Now we can see that $2$ and $3$ are common prime factors in the prime factorization of $120$ and

$144$. Also we can see the smallest powers of $2$ and $3$ are $3$ and $1$ respectively.

Therefore, HCF of $120$ and $144$ is the product of ${2^3}$ and ${3^1}$.

That is, HCF of $120$ and $144$ is ${2^3} \times {3^1} = 8 \times 3 = 24$.

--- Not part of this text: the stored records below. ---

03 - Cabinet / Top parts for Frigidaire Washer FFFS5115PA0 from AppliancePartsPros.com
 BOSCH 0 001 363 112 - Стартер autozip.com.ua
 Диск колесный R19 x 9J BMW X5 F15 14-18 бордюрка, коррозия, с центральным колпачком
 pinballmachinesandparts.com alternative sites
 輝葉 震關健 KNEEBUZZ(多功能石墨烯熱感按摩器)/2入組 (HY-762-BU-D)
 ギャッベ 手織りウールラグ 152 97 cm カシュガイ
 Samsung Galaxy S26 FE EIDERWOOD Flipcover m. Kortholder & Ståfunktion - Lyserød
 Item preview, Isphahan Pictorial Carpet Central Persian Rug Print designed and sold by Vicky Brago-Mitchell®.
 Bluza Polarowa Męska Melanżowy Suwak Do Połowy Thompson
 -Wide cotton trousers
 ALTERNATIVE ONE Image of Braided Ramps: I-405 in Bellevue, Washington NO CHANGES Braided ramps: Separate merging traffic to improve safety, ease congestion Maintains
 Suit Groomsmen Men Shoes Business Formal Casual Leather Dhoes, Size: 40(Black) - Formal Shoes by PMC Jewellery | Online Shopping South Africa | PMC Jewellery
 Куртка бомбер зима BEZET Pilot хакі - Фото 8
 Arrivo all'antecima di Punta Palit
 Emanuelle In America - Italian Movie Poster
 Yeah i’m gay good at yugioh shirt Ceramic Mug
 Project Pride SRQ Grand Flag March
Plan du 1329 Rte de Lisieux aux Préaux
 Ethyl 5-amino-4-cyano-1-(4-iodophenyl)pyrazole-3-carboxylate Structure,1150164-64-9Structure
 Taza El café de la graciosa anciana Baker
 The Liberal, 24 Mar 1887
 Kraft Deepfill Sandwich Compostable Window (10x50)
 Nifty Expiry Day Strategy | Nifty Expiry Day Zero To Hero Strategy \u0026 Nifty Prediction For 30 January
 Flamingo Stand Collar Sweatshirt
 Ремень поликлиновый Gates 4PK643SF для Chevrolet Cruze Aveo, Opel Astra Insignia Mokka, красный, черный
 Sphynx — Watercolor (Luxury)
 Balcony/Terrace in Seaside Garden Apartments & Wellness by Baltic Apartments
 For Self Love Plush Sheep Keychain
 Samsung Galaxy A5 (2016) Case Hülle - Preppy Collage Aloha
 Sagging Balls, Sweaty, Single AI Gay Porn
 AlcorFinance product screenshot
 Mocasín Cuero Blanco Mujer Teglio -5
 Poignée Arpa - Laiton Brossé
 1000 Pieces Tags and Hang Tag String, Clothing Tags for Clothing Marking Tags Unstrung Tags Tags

Now if we observe prime factorization of both numbers then we can see that there are three prime factors $2,3$ and $5$. Also we can see the greatest powers of $2,3$ and $5$ are $4,2$ and $1$ respectively. Therefore, LCM of $120$ and $144$ is the product of \[{2^4},{3^2}\] and ${5^1}$. That is, LCM of $120$ and $144$ is \[{2^4} \times {3^2} \times {5^1} = 16 \times 9 \times 5 = 720\].

Hence, HCF and LCM of $120$ and $144$ are $24$ and $720$ respectively.